Your task is to filter the data below down to the lines holding "with".
Segment Start: DATA PROVIDED
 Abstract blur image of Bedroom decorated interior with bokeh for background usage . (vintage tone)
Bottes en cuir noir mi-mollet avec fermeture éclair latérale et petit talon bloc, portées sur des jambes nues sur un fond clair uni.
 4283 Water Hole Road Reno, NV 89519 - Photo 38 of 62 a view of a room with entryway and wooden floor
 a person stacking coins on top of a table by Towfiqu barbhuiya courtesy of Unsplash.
Segment End: DATA PROVIDED
ANSWER SPACE:
 Abstract blur image of Bedroom decorated interior with bokeh for background usage . (vintage tone)
 4283 Water Hole Road Reno, NV 89519 - Photo 38 of 62 a view of a room with entryway and wooden floor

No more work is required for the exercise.